I spent three days at IBC walking the audio halls, and the gap between what’s being sold and what’s being bought has never been wider. Every booth had an AI-powered something—AI mixing, AI cleanup, AI dialogue replacement. But the engineers I talked to in the coffee lines? They were mostly trying to get their existing Dante networks to stop dropping packets.
The industry has a case of solution-in-search-of-problem syndrome, and it’s not pretty.
What People Actually Asked About
I stopped by a major console manufacturer’s booth to see their new flagship. The demo was impressive—touchscreens everywhere, motorized faders that moved like they were alive, more DSP than you could shake a stick at. But the first question from the visitor next to me: “Can I still get a plain analog insert point, or is everything internal routing now?”
The answer was complicated. And that’s the problem.
Broadcast engineers are conservative for good reason. When a live event is going out to millions, you want signal flow you can trace with a flashlight and a cable tester. The trend toward software-defined everything—while powerful on paper—creates abstraction layers that make troubleshooting harder, not easier. I watched a demo of a “cloud-native” mixing system that required three different logins and a web browser to adjust a microphone preamp. The engineer next to me walked away muttering.
The Real Innovation: IP That Finally Works
For years, Dante and AES67 have been promising to make audio networking plug-and-play. At this IBC, it felt like they were finally delivering—mostly. The new switches designed specifically for AV traffic were everywhere. I talked to a guy who’d migrated an entire regional broadcaster’s radio plant to Dante over a weekend. That would’ve been unthinkable five years ago.
The difference is in the details. Earlier generations of IP audio required you to become a network engineer. Now the switches come pre-configured with QoS rules that actually work. You still need to know what VLANs are, but you don’t need to spend a week reading Cisco documentation.
But—and this is crucial—the reliability is still not quite there for mission-critical live. Everyone I talked to running IP audio at scale had a backup plan. Usually analog. Often patch bays. There’s a pragmatism that the marketing materials don’t reflect.
The AI Reality Check
Every booth had AI features. Dialogue isolation that works in real-time. Automatic loudness correction that claims to be transparent. Voice cloning for dubbing that supposedly passes the “mom test.”

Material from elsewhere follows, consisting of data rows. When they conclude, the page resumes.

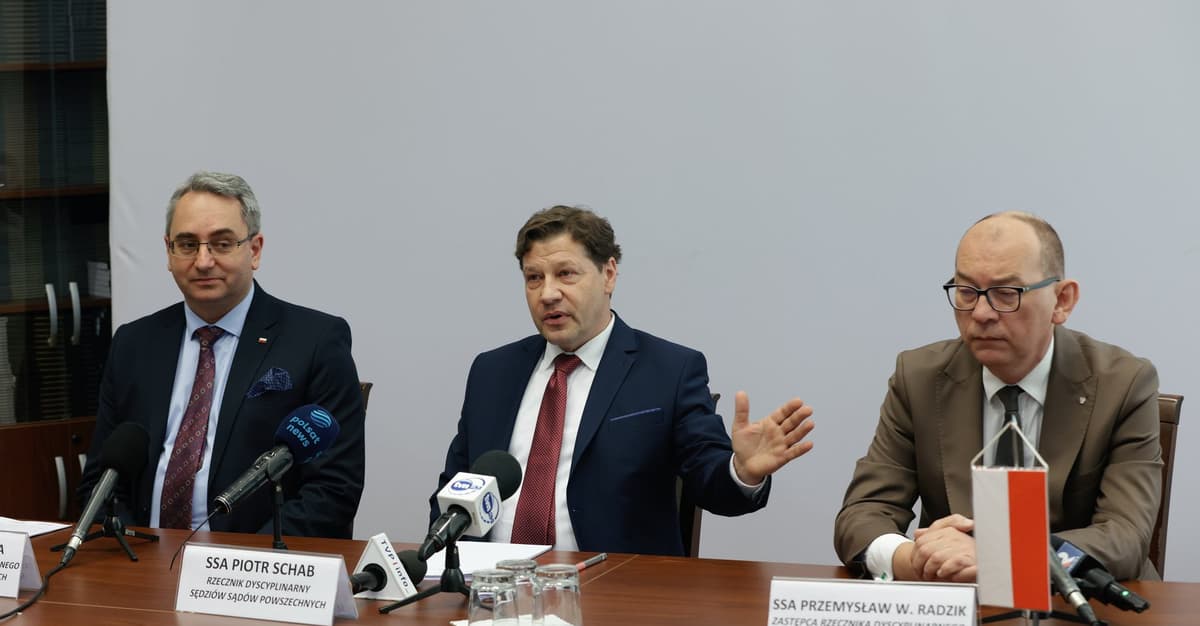 Prokuratura weszła do biura Schaba, Radzika i Lasoty. Szuka akt dyscyplinarek sędziów
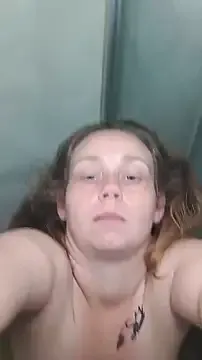 BossChick1625 — Let's make it wet... Make me cum
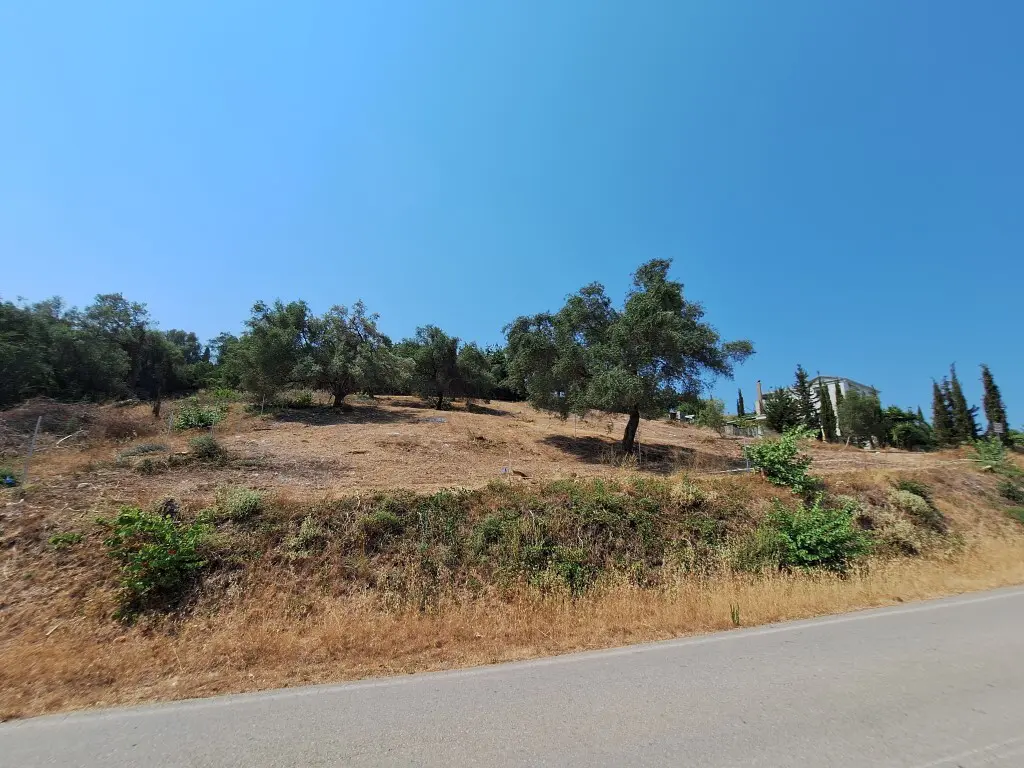 Land Of 932 M² In Corfu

I tried the dialogue isolation on a noisy clip I’d brought with me—actual location audio from a problematic shoot. The results were… fine? It removed the background noise, mostly, but left that swirly, phasey quality that tells your ears something’s been manipulated. Usable for news, where intelligibility matters more than fidelity. Not something I’d want to mix into a drama.
The voice cloning demos were more impressive, technically. Feed it thirty minutes of someone’s voice and it can generate new lines in their timbre. The use cases being pitched—localized advertising, emergency re-records, accessibility—are legitimate. But the licensing questions are a mess. Who owns the cloned voice? What happens when the talent’s contract expires? I asked three different companies and got three different answers, none of them convincing.
The Hardware Paradox
Here’s what surprised me: hardware is back. After years of everything moving to software and plugins, there’s a renewed interest in physical controls. The new control surfaces aren’t replacing DSP—they’re remote controllers for software mixers—but they feel substantial. Real faders. Real knobs. Tactile feedback.
I think we hit the limit of what touchscreens can do for audio. There’s something about mixing that requires muscle memory, the ability to adjust multiple things simultaneously without looking. You can’t do that on a glass surface. The manufacturers seem to have finally accepted this.
The sweet spot right now seems to be hybrid—DSP and routing in software, control in hardware, networking over IP but with analog backup paths for the critical stuff.
What I Didn’t See
Immersive audio for broadcast was conspicuously quiet. Lots of discussion about Dolby Atmos for streaming, but the broadcasters I talked to were mostly still figuring out stereo. The infrastructure for height channels—additional mics, more complex monitoring, bigger mix stages—isn’t there for most operations. It’s a technology looking for a business model.
Also missing: any real solution for the talent gap. The industry is losing experienced engineers faster than it’s training new ones. Everyone knows this. Nobody’s figured out what to do about it. The AI tools are being pitched partly as a solution—you need less experienced operators if the machine handles the hard parts—but that’s a dangerous bet. You still need someone who knows when the machine is wrong.
The Takeaway
IBC always has a vibe, and this year’s was cautious. Money’s tight. Buyers are skeptical. The flashy demos got polite applause, but the real interest was in reliability, backwards compatibility, and not having to retrain the entire staff.
If you’re making decisions about infrastructure right now, my advice would be: wait on the AI features, invest in good IP networking that plays nice with analog, and keep your best engineers happy because they’re getting harder to replace.
What about you? Were you at IBC this year? I’m curious whether my read matches what you saw—or if I spent three days talking to the wrong people.